Hospital-acquired pneumonia (HAP), is the most common nosocomial infection—and the deadliest. Found in about 1% of hospital patients, HAP is seen in both ventilated and non-ventilated patients.

HAP is believed to be triggered by microaspiration or macroaspiration of oral microbes, the authors said, but the use of mouthwashes with oral chlorhexidine has become a controversial way to reduce the microbial burden in the mouth. Rigorous toothbrushing may be a safer and more effective alternative to oral antiseptics.

Prevention guidelines, however, have traditionally not emphasized toothbrushing.

"Prevention guidelines, however, have traditionally not emphasized toothbrushing, and consequently, practices vary widely between hospitals," the authors wrote.

The authors reviewed 15 randomized clinical trials with an effective population size of 2,786 patients. The studies compared outcomes among hospitalized patients and oral care habits while in the hospital. All but one study focused on patients who were being treated in intensive care units (ICUs)

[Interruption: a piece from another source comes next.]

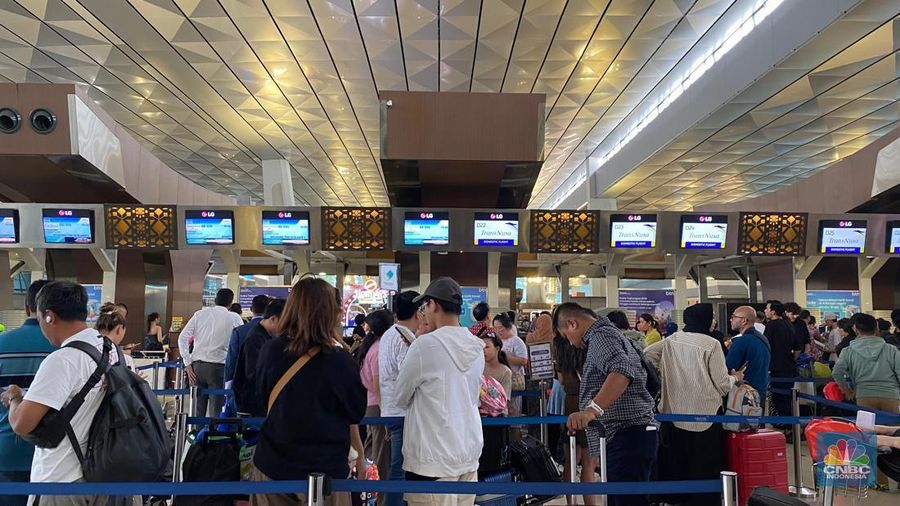 Suasana Bandara Soetta jelang Natal dan Tahun Baru, Selasa (24/12/2024). (CNBC Indonesia/Novina)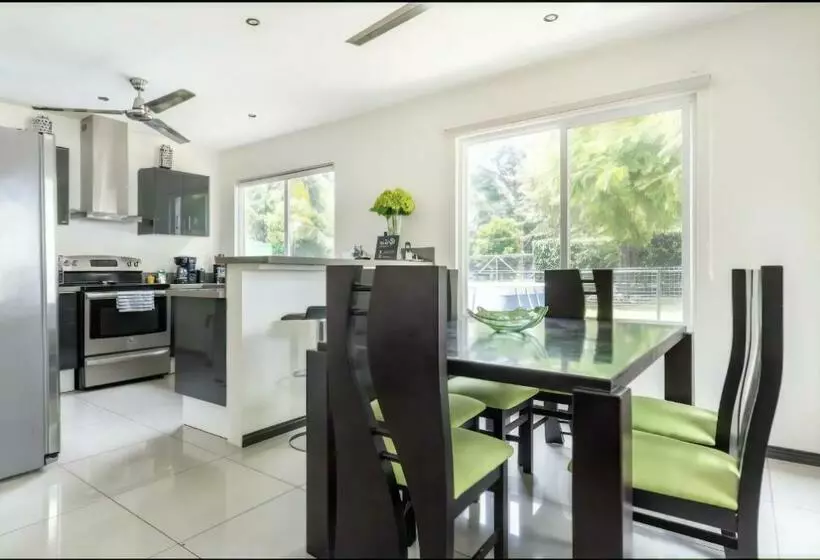 Casa Mariela, Just 5 Minutes Driving To Tamarindo Beach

Toothbrushing was associated with a significantly lower risk for HAP (risk ratio [RR] 0.67; [95% confidence interval [CI], 0.56 to 0.81]) and ICU death (RR, 0.81; 95% CI, 0.69 to 0.95).

Shorter ICU stays

Toothbrushing was associated with significantly lower ventilator-associated pneumonia rates (RR, 0.68; [95% CI, 0.57 to 0.82], as well as shorter time to extubation (mean difference, 1.24 days; 95% CI, −2.42 to −0.06 days), and shorter ICU stay (mean difference, −1.78 days; 95% CI, −2.85 to −0.70 days).

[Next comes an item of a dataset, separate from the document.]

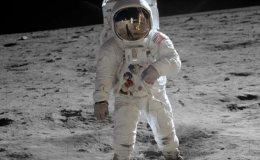 Bộ đồ giúp Neil Armstrong đặt chân lên Mặt Trăng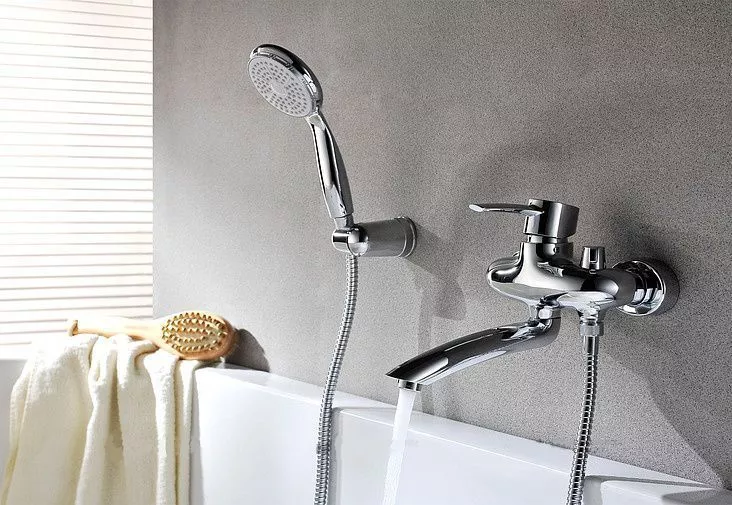 Смеситель для ванны плоский 25см Lemark Atlantiss  LM3214C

One study included in the analysis showed an 85% reduction in non-ventilator HAP, but not a significant reduction in surgical units.

Of note, results were similar when toothbrushing was performed twice, three times, or four times daily. Toothbrushing made no significant difference on use of antibiotics, nor was there an association with reduced hospital length of stay.

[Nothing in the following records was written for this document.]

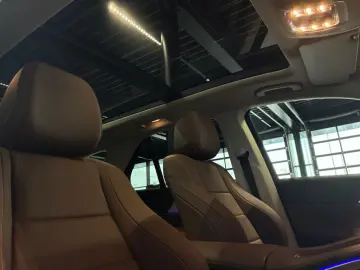 MERCEDES-BENZ GLE 350 de 4M MBEAM BURM WIDE AMBIE AHK PANO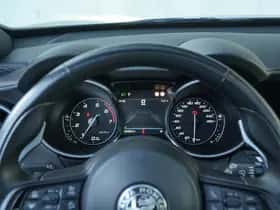 Alfa Romeo Stelvio (2022) thumbnail 21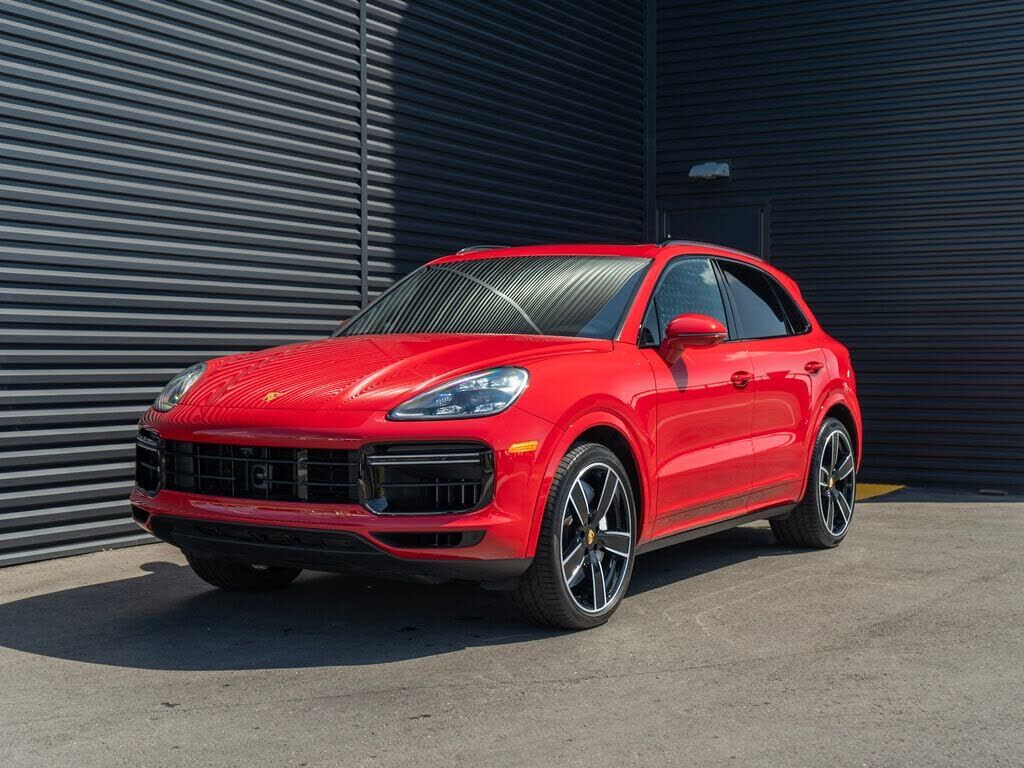 2023 PORSCHE Cayenne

"These findings suggest that routine toothbrushing should be considered an essential component of standard care in hospitalized patients, particularly in patients receiving invasive mechanical ventilation, for whom the evidence is strongest, to prevent pneumonia and lower mortality rates." the authors wrote.

In a commentary on the study in the same journal, Rupak Datta, MD, PhD, writes, "This study represents an exciting contribution to infection prevention and reinforces the notion that routine toothbrushing is an essential component of standard of care in ventilated patients.

"However, there is still uncertainty regarding NV [non-ventilator]-HAP. The investigators could only identify 2 studies with nonventilated patients that met inclusion criteria."